Q&A: How to Survive Cycling's Greatest Race
The three-week journey to Paris is equal parts muscle and mettle but staying in the race takes much more.
Today, the Tour de France begins Stage 17 as the race travels 124.5 km between Saint-Gaudens and the summit at Pla d'Adet in the south of France. The cyclists briefly dip into Spain before staring up at four mountain climbs, with a mountain top finish in the Pyrenees. It will be a brutal slog that tests the climbing capabilities of the leanest General Classification (GC) contenders and the fortitude of sprinters, who much prefer the flat stuff.
Finishing a three-week grand tour is about competition as much as it is survival, as evident by the carnage from the last couple of weeks. We wanted to find out how a professional cyclist trains for his first Tour de France, stays healthy, and as many unwilling cyclists have learned, knows when to bow out. We spoke with Josu Larrazabal, team trainer for Trek Factory Racing, and team doctor Dr. Andreas Gösele, who oversees athletes like Jens Voigt, Fabian Cancellara, American Matthew Busche and Tour de France winner Andy Schleck.
Q: How does training change when a cyclist transitions from a one-day event like a Classic to a three-week Grand Tour?
Josu Larrazabal: “In the Classics, riders face a series of less than 5-minute (cobbles) and less than 10-minute (ardennes) efforts. In these races, anaerobic efforts (less than 1 minute) play an important role, so this needs to be taken into account for training. In the Grand Tours, there are also sprint, ‘Classics’-style stages, but the aerobic demand is much bigger because all of the riders, not only the GC guys, need to manage the long efforts (20 minutes or more) as best as possible, so it’s all about endurance.”

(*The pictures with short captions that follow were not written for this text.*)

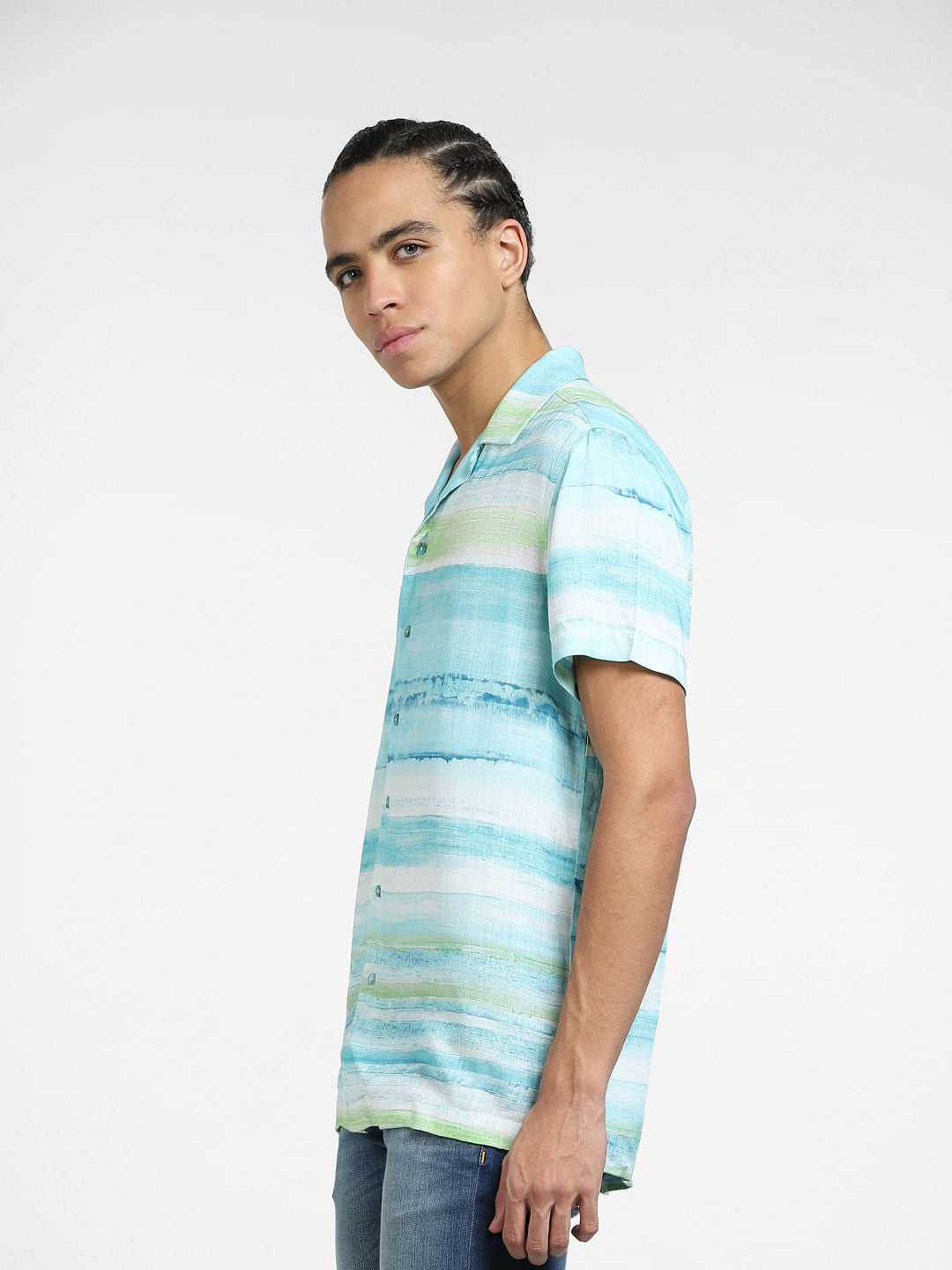 Sky Blue Printed Short Sleeves Shirt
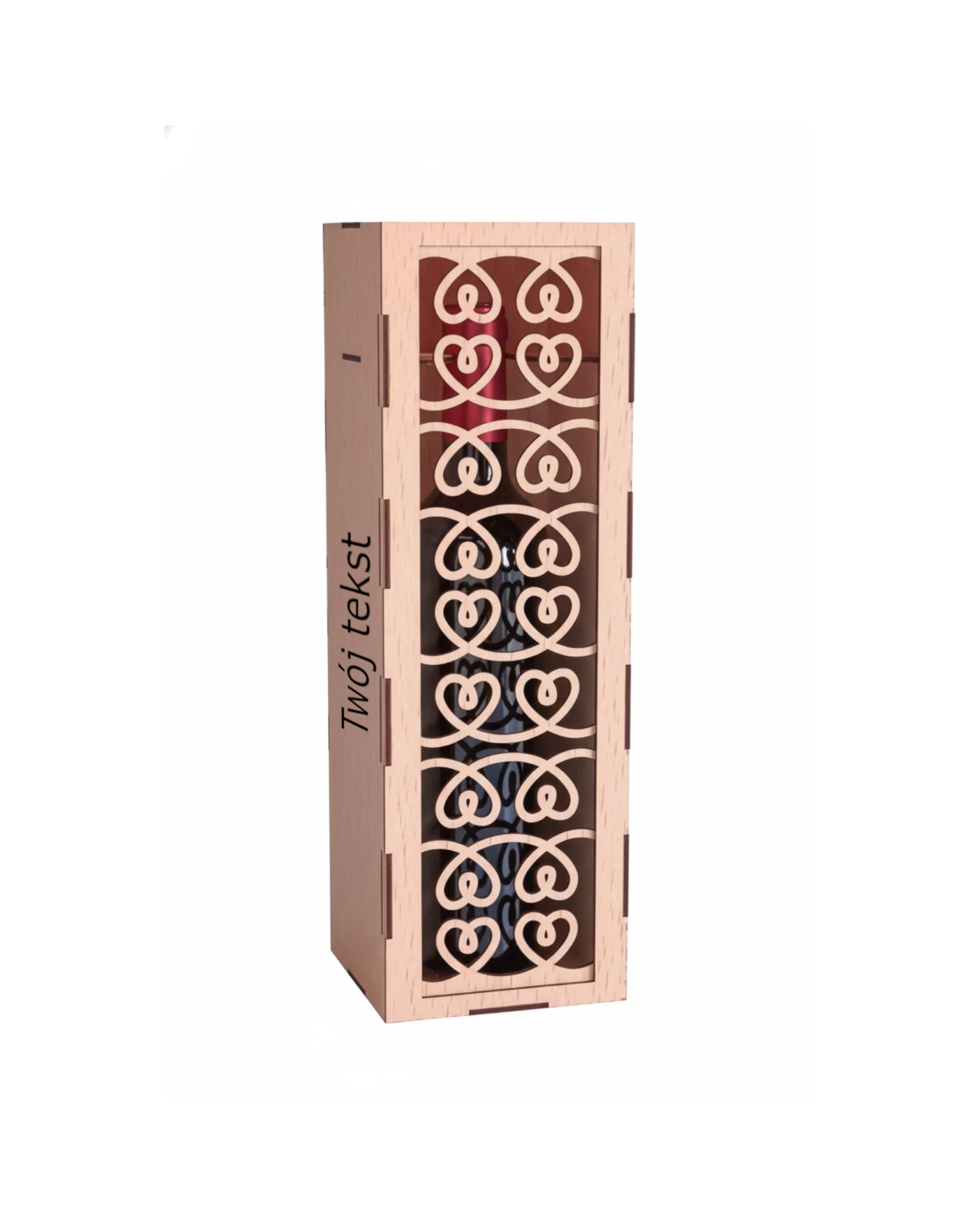 Personalizowane Drewniane Pudełko na Wino - Ażurowe Serca - zdjęcie 2 - grawerowanie laserowe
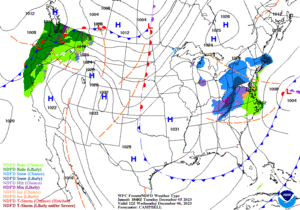 Day 2 (Wednesday): Forecast Surface Map
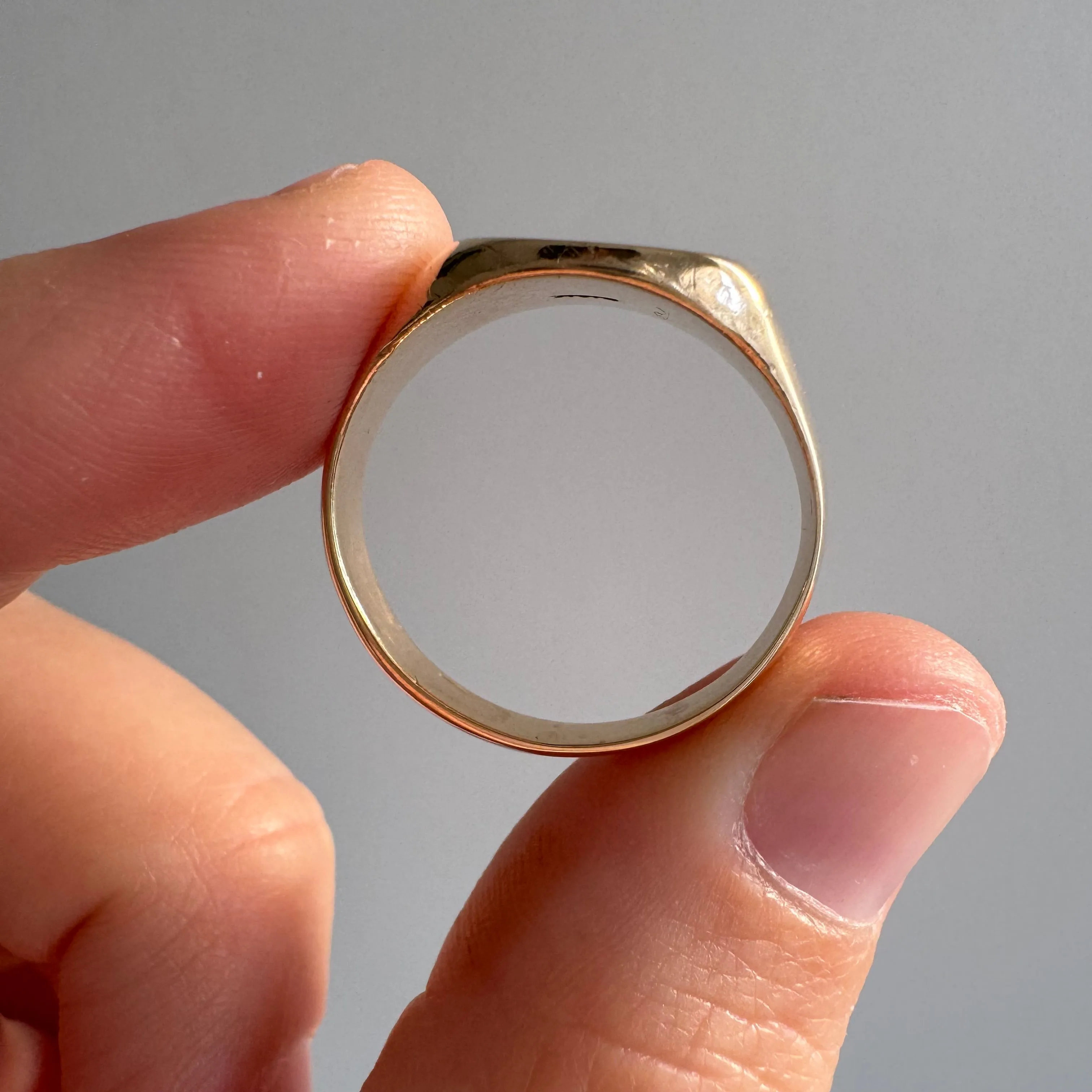 reimagined A N T I Q U E // ouroboros cycle / 10k rosy gold signet with engraved snake and diamonds / size 8.75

Q: Psychologically, how do racing strategies change for the racers?
JL: “I think it depends on every individual. The Classics are about ‘all-in’ in one day. In the Grand Tours, the riders looking for the stage wins need to wait until the stages that fit them best. Their goals are in the long term for the GC guys who need to consider the whole 3 weeks as one race. Here fatigue plays a big role. The riders with a good endurance and recovery capacity will manage better in the Grand Tours. This is when the work of the directeur sportif (sport director) is so important: They manage the efforts of the guys in every stage in order to see them arrive in the best psychological and physical condition on the right stage.”
Q: What steps do athletes take each night to recover?

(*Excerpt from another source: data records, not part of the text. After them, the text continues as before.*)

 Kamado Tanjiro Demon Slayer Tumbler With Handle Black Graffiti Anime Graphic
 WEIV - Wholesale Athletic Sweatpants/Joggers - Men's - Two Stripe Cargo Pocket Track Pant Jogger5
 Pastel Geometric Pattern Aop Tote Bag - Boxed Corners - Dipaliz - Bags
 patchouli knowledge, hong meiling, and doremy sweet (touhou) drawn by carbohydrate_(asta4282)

Dr. Andreas Gösele: “Immediately after the race (within the first 5 minutes), we try to give a protein shake to our riders. Amino acids, as well as glucose and rehydration, are the main goals within the first minutes and hour after the race. Later, the riders will eat a meal and refill their energy storages. It is very important to rehydrate until the next day or stage. Before the riders go to bed, they will have another protein drink.

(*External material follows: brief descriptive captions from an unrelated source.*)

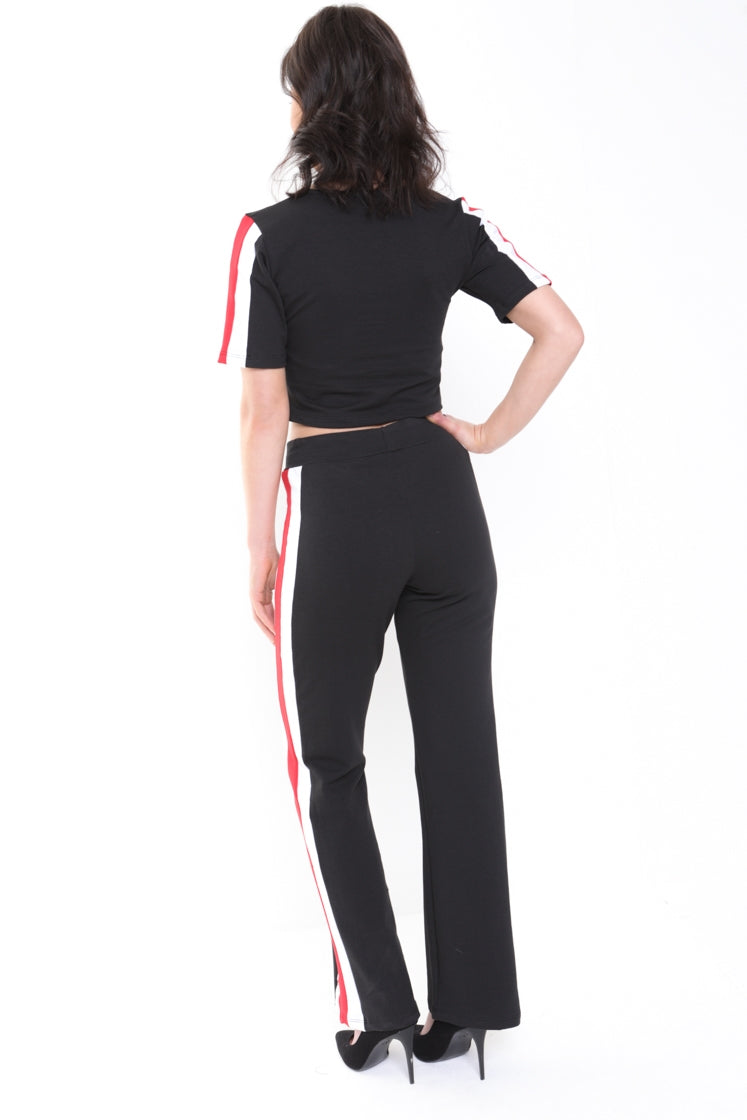 Black And Red Side Stripe Loungewear Co-ord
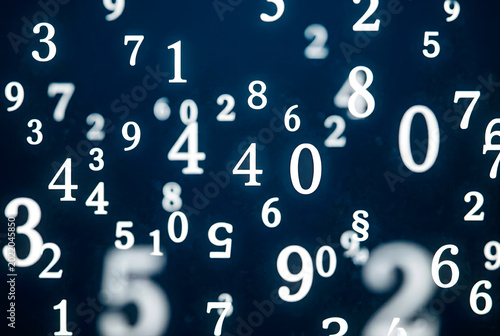 Numeric chaos with white digits and mathematical symbols on navy backdrop.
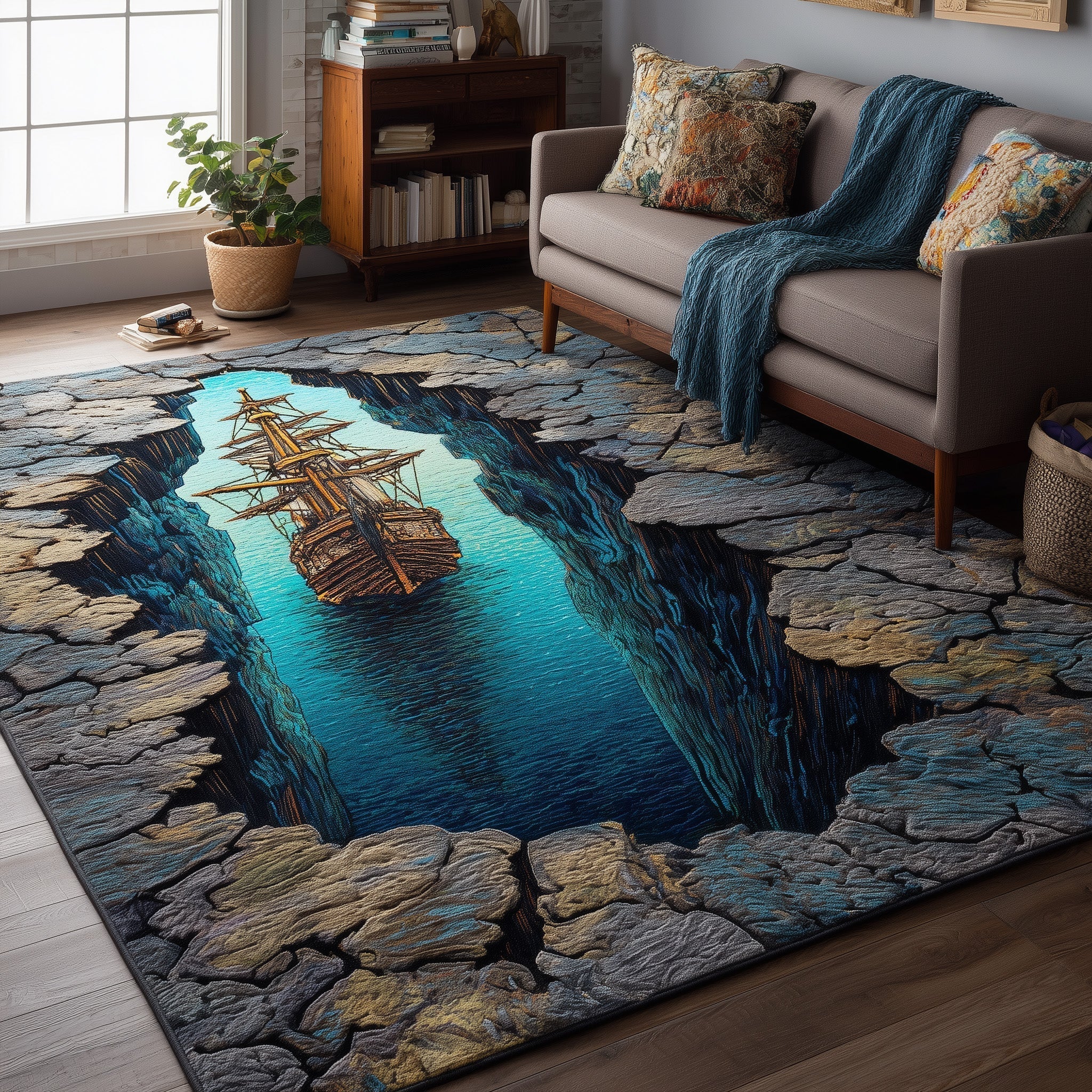 Sailing Vessel Area Rug - Non-Slip Washable 3D Print Rug for Living Room & BedroomTVC2108221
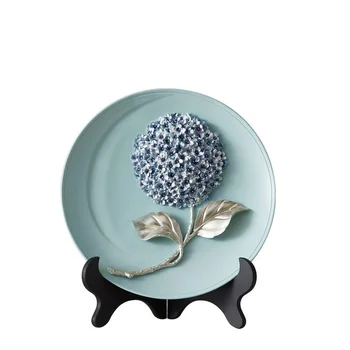 

Luxury Resin Handmade Hydrangea Home Wall Hanging Plate Craft Decoration Wall Background Dish Mural Figurine Wedding Gift R1643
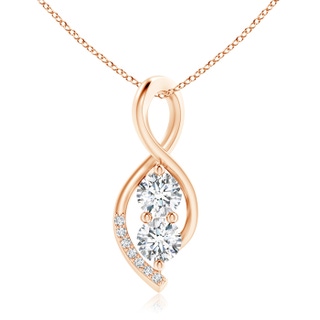 5mm GVS2 Two Stone Diamond Infinity Twist Pendant in 9K Rose Gold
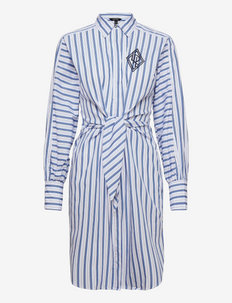 Striped Cotton Broadcloth Shirtdress - shirt dresses - blue/white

The energy consumption for each rider depends on several factors: intensity, duration, weight of the athlete and temperature. In general, we can say that in mountain stages, it’s approximately 700-1000 kilojoules per hour [167-239 calories per hour]. In flat stages, the consumption is 500-800 kilojoules per hour [120-191 calories per hour]. They take anti-inflammatories only in the case of injuries.”
Q: What are the first signs a rider is overcooked and needs rest? In a stage race, is it possible to bounce back?
AG: “The signs are loss of performance, tired, bad sleep, low watts and high heart rate, nervousness and temper changes. Coming back from it depends on the next stages and goals. On flat stages, it is possible. If there is wind or climbs, then it is not possible or at least very hard."
Q: How does a rider compensate for sickness or colds?
AG: "Infections like colds or stomach problems are always very hard to compensate in long endurance sports. In flat stages, it is easier to handle than in mountain stages."
Q: When is it safe to compete and when is it not?
AG: "If a rider is suffering a lot (symptoms of pain, coughing, etc.) or in case of fever, we do not let him start."